WHAT TO PRODUCE: Start with the first line of the records below. Output each line exactly, ending with the one that contains "Used 2021 Tesla".

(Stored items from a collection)
____________________

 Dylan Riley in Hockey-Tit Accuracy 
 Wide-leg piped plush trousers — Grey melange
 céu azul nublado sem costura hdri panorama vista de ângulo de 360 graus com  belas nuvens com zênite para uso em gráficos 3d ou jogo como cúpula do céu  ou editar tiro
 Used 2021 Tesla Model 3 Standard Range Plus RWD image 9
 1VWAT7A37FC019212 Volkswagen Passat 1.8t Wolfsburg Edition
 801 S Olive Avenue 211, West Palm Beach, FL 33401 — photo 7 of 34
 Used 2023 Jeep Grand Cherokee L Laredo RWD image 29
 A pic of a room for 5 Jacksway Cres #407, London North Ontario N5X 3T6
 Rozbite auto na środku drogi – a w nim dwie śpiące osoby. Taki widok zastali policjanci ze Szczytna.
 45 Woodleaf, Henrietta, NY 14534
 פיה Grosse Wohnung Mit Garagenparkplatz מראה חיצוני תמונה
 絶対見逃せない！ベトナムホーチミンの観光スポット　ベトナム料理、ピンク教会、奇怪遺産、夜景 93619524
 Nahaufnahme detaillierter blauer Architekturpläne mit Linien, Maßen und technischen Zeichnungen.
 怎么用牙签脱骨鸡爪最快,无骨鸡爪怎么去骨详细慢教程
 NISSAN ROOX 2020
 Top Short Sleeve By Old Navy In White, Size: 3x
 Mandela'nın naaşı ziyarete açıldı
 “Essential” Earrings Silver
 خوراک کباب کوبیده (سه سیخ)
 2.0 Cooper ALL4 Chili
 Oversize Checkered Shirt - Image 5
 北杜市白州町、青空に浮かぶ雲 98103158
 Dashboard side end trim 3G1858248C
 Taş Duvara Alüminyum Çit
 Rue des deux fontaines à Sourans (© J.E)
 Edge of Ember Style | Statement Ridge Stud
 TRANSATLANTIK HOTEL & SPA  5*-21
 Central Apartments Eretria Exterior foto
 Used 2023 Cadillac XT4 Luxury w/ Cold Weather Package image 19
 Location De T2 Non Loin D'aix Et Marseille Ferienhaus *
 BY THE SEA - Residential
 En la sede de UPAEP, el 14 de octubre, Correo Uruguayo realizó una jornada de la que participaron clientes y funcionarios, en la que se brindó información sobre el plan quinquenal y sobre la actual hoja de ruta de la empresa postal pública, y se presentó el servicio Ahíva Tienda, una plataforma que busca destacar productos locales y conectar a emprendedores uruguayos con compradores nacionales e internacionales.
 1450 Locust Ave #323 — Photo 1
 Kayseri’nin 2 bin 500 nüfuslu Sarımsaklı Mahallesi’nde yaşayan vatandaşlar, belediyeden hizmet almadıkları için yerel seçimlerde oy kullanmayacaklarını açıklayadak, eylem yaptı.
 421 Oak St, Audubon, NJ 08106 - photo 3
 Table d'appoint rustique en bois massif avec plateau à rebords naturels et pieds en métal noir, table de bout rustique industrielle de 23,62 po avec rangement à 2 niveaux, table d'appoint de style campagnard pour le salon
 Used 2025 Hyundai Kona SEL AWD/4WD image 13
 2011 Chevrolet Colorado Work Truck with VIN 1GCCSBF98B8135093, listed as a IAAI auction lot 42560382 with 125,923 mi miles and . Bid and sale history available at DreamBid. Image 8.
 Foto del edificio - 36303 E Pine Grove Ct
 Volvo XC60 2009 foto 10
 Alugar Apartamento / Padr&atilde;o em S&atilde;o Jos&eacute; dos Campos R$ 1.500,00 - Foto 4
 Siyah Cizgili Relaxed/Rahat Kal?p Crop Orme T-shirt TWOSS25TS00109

____________________

RESULT BELOW:
 Dylan Riley in Hockey-Tit Accuracy 
 Wide-leg piped plush trousers — Grey melange
 céu azul nublado sem costura hdri panorama vista de ângulo de 360 graus com  belas nuvens com zênite para uso em gráficos 3d ou jogo como cúpula do céu  ou editar tiro
 Used 2021 Tesla Model 3 Standard Range Plus RWD image 9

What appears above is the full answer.